Wednesday, April 20, 2011

Being Real 3

I began applying at nanny agencies. I wanted out. I wanted away. I wanted the east coast. Just having that dream out there that maybe I could be free kept me going.

I walked into the classroom one day with tears running down my face. I couldn't take the lewd comments by the construction crew. The classroom teacher marched me right down to the principal's office where he listened to my story. His brows knitted, his jaw clenched and with a look of determination he told me he would take care of it. And he did! He sat the crew down and told them in no uncertain terms what would happen to them and their jobs if they so much as looked at me or uttered one more disgusting comment. My heart was lifted that someone thought enough of me to come to my defense.
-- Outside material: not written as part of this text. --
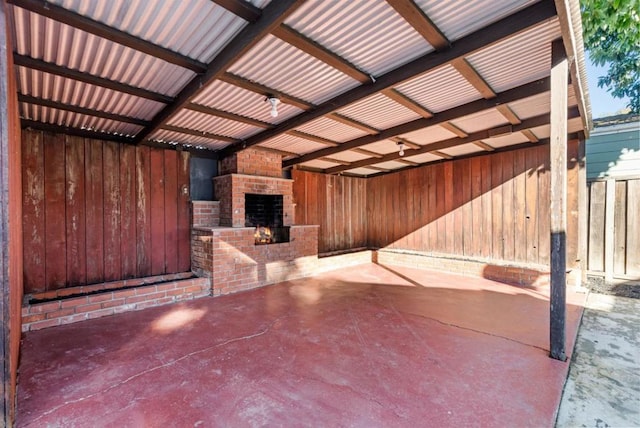 view of patio featuring an outdoor brick fireplace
I continued to document all of the abuse at school and when my student teaching was over I sat down with the principal and my supervisor. I handed over reams of notes and that was that. This teacher was ordered to take a "human relations" course and transferred to a new school where she could continue to abuse other children.

I quit the job at the clothing store. I told my boss that I didn't steal the jewelry, that I didn't know the couple who did, and I wouldn't work where I was treated like I was guilty of something I didn't do. I also advised him to call the cops on me if he was so sure about my involvement. Buhbye.
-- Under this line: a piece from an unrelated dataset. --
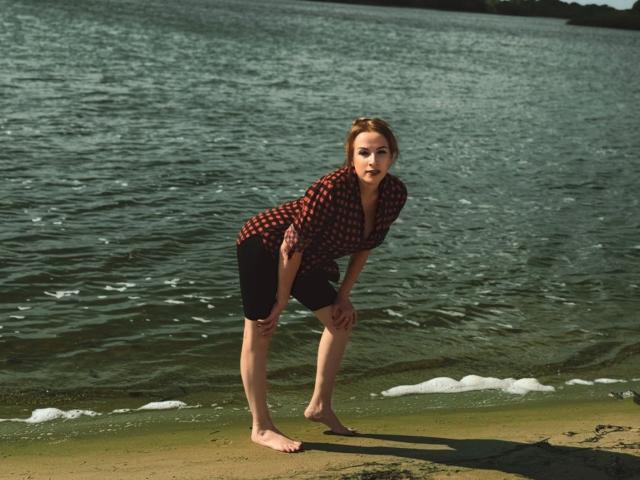 ElizabethSo, barefoot, bending forward with hands on knees, wearing a red plaid shirt and black shorts, standing on a sandy beach with greenish water in the background.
I interviewed with a nanny agency and was given several choices of families that I might work for. I wanted to watch one child around the age of 2 or 3 and be part of a family. I wanted to be paid well, drive my own car, have insurance and vacations and see the sights! After several interviews with families that had 3 boys or wanted me to be a house keeper or pool cleaner I was called about a potential family that sounded perfect for me. I interviewed with them and they offered me a job! I felt hopeful for the first time in a long time.

I wanted out of the trailer I was living in. I wanted out of the relationship with Don but wasn't sure how that was going to happen.

1 comment:

erin said...

So?? What happens next??
Wow, again. I love you and I'm praying for you as you write this.